The map in the operators section depicts North korea as a former operator of mig-25s. However north korea is not mentioned in the rest of the article. Why? (talk) 16:23, 17 March 2023 (UTC)[reply]

"Inaccurate intelligence analysis caused the West initially to believe the MiG-25 was an agile air-combat fighter rather than an interceptor..."[edit]

The idea that US intelligence confused MiG-25 with an agile fighter seems to be an urban legend.

Source #1: This paper released in August of 1976(so before Viktor Belenko's defection) describes the MiG-25 as follows: "The MiG-25, under the designation of E-266, was setting speed records as early as 1965. It, like the MiG-23, was first displayed in 1967. It is a twin-engine, allweather, cropped delta-wing interceptor and reconnaissance plane. The two huge rectangular intake boxes on both sides of the fuselage and the twin-tail fins makes the FOXBAT easy to identify. Its two Tumansky turbojets rated at 24,000 lbs. each gives the MiG-25 atop speed of Mach 3.2 at high altitude. It has a service ceiling of 80,000 ft. and a combat radius of 700 miles." (page 205)
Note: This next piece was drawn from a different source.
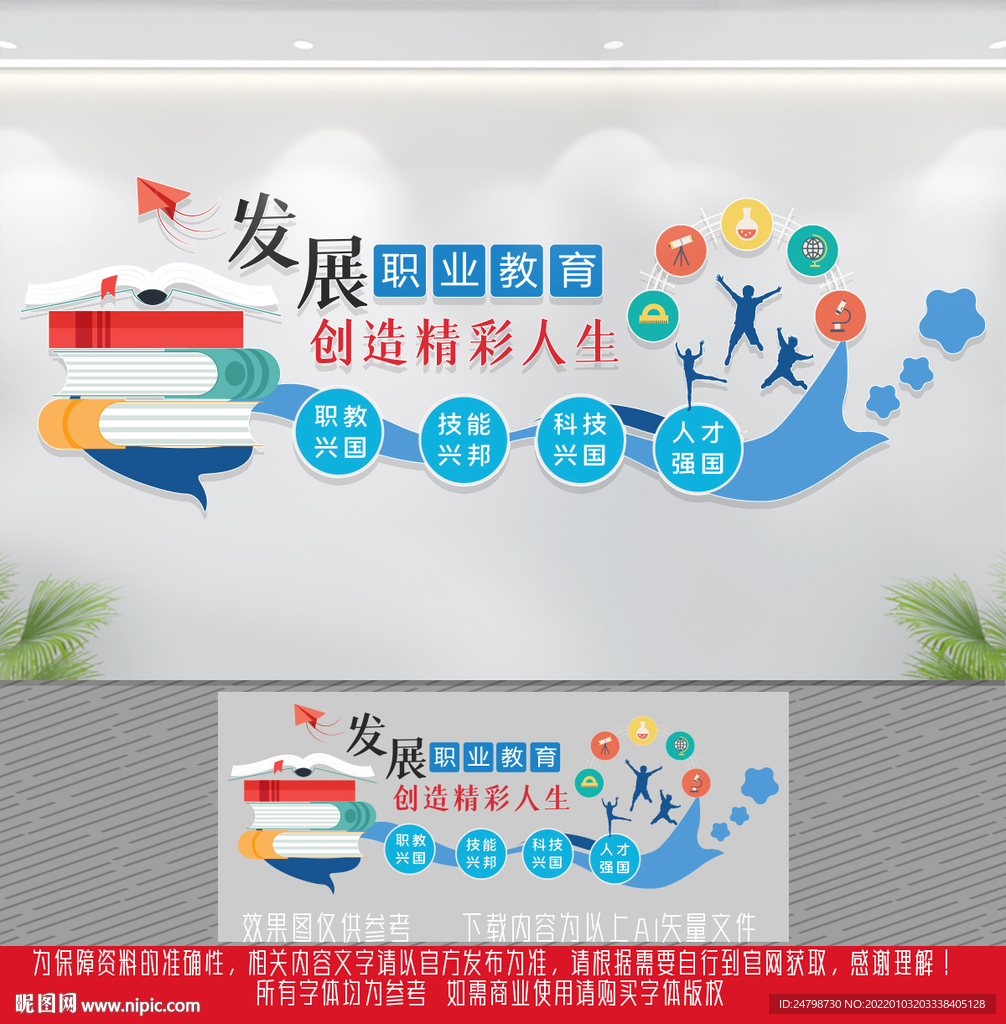 职业技能教育文化墙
So not only did the US intelligence properly identify the MiG-25's role(which had nothing to do with agility), it even had mostly accurate information about its top speed, service ceiling and combat radius.

Source #2: This paper released even earlier, in March of 1976, contains the following paragraph: "Expressed in other words, aerial combat capability depends on both the potential energy of the system and its maneuverability. It is clear that Snider's variables relate only to energy factors with no regard to maneuverability factors. Hence, the systems which score highest are brute-force aircraft such as the MIG-25 FOXBAT, while less powerful, more maneuverable systems such as the F-16 have a lower scale value. However, most military commentators would not accept the conclusion that the F-16 is inferior to the MIG-25 in air-to-air combat capability." (page 40)

This is further supplemented by Table C on page 143 which attempts to rate aircraft by weighing different performance values. MiG-25 is the clear winner if only Factor II(top speed, service ceiling, thrust-to-weight ratio) is considered, but falls down to the bottom when only Factor I(thrust-to-weight, wing loading, gun barrels) is considered. Again, the MiG-25s role as fast interceptor - and hopeless dogfighter - seems to be already well known at that time.

On a side note, a plane in delta wing configuration cannot be agile by definition, unless canards and/or thrust vectoring are also used. That's not even a matter of intelligence gathering, it's basic aeronautics. (talk) 17:17, 2 August 2023 (UTC)[reply]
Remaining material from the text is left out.